Polynomial-time minimax robust mean estimation under star-shaped constraints

§ Problem Statement

Setup

Fix integers $n,N \ge 1$ , a contamination level $\epsilon \in [0,1/2)$ , a scale parameter $\sigma>0$ , and a star-shaped set $K\subseteq\mathbb{R}^n$ (that is, there exists $k^\star\in K$ such that $k^\star+t(x-k^\star)\in K$ for every $x\in K$ and $t\in[0,1]$ ). Let

d:=\sup_{u,v\in K}\|u-v\|_2\in[0,\infty].

For $\delta>0$ and $A\subseteq\mathbb{R}^n$ , let $\mathcal{M}(\delta,A)$ be the maximal cardinality of a $\delta$ -packing of $A$ in Euclidean norm (pairwise distances $>\delta$ ).

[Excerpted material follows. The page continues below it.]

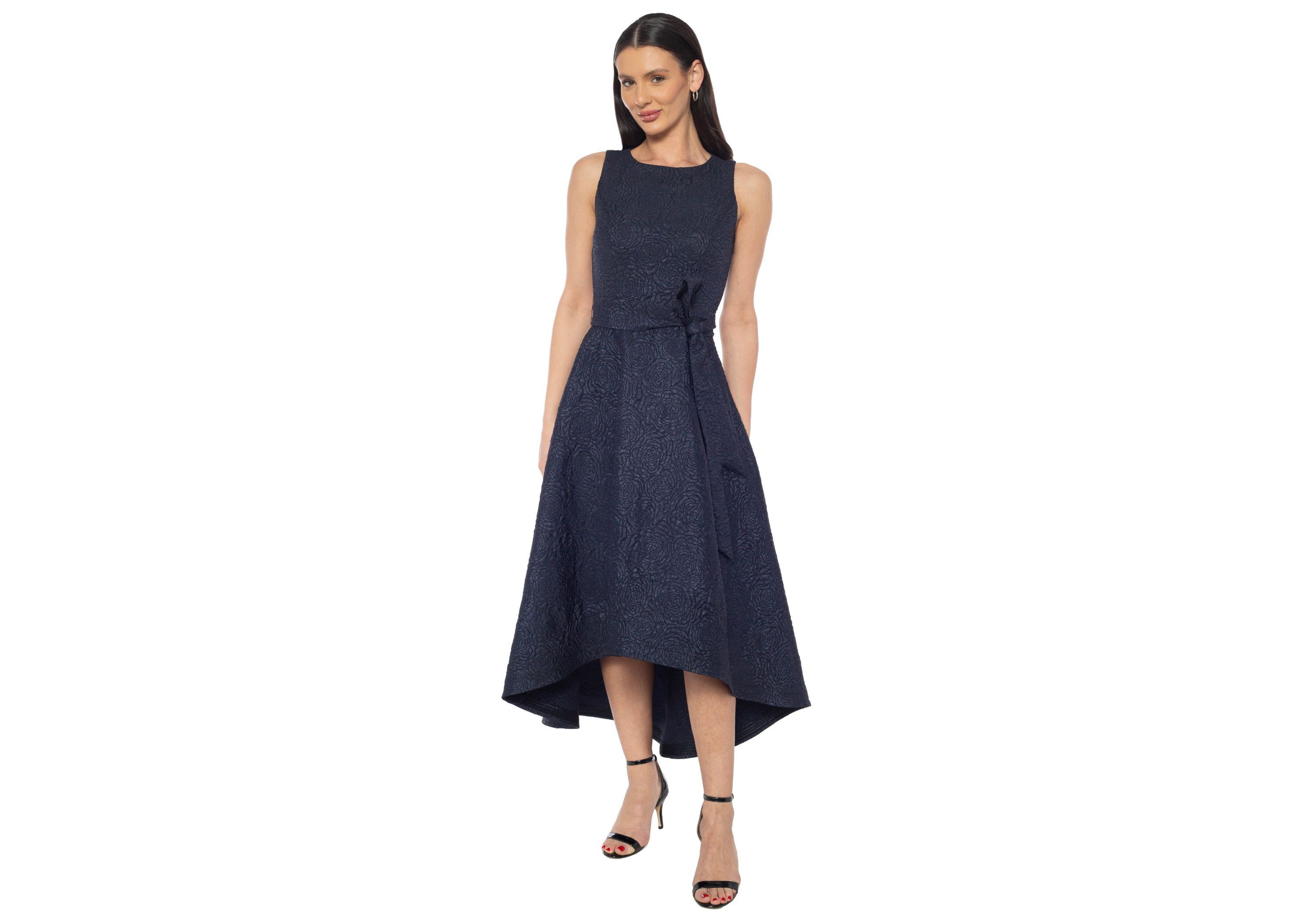 Sleeveless High Low Brocade Dress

For an absolute constant $c>0$ , define the local entropy

\mathcal{M}^{\mathrm{loc}}_K(\eta,c):=\sup_{\nu\in K}\mathcal{M}(\eta/c,\;B(\nu,\eta)\cap K),\qquad \eta>0,

and define

\eta^\star:=\sup\left\{\eta\ge 0:\frac{N\eta^2}{\sigma^2}\le \log \mathcal{M}^{\mathrm{loc}}_K(\eta,c)\right\}.

This setup follows Prasadan & Neykov (2024).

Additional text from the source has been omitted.